Masihkah negara kita meng­halal­kan doktrin tersebut sebagai bagian dari persatuan dan kesatuan Indonesia ? Sudah selayaknya organisasi-organisasi terlarang itu dihapus dan beri kesempatan kepada para akademisi untuk berupaya berpikir dalam bagaimana menciptakan keadilan yang setara tanpa mempersoalkan siapa bakal masuk neraka.

Kalau kita perhatikan secara seksama, manusia enggan berpikir kritis disebabkan suplai teologi yang begitu banyak sehingga terjadi pembekalan yang membuat manusia itu malas berpikir. Dalam hatinya akan terucap ngapain berpikir kalau junjungan sudah ada.

Junjungan inilah yang menye­bab­kan manusia malas berpikir dan bertindak lebih cerdas, terlihat sedikit radikal tapi beginilah adanya, kenyataan itu tak bisa terelakkan bahwa manusia harus meninggalkan doktrin konservatif menuju wilayah progresif. Sehingga Publik tidak merasa sudah dirasuki oleh semacam kegairahan bahwa ini ada tokoh yang gak mungkin digantikan.

Buntu dalam berpikir

Berkompetisi untuk masuk surga menye­babkan orang yang beragama itu buntu dalam berpikir untuk menghasilkan keadilan dan terpatok pada ibadah memupuk bekal akhirat, inilah yang menya­lah dan perlu untuk mengoreksi kembali hirarki dalam agama.

Dengan menggantikan supaya berkom­petisi untuk menaikkan IQ nasional semakin tumbuh sehingga bisa membedakan mana aja­ran yang rasis berupa topeng agama.
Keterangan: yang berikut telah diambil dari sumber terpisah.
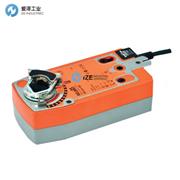 BELIMO风阀执行器SF24A-SR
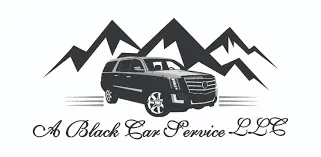 A Black Car Service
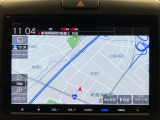フリード+ 1.5 ハイブリッド G ホンダセンシング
Indonesia tidaklah seperti itu sebab Indonesia adalah negara berbasis kedaulatan.

Mikail Bakunin mengatakan dalam buku God and State bahwa Tuhan dalam perspektif agama harus dipisahkan dari agama karena tidak ada yang namanya kemerdekaan dan kebebasan dengan kesolehan. Sedikit terlihat ekstrem namun alangkah baiknya untuk dipertimbangkan pemikiran tersebut.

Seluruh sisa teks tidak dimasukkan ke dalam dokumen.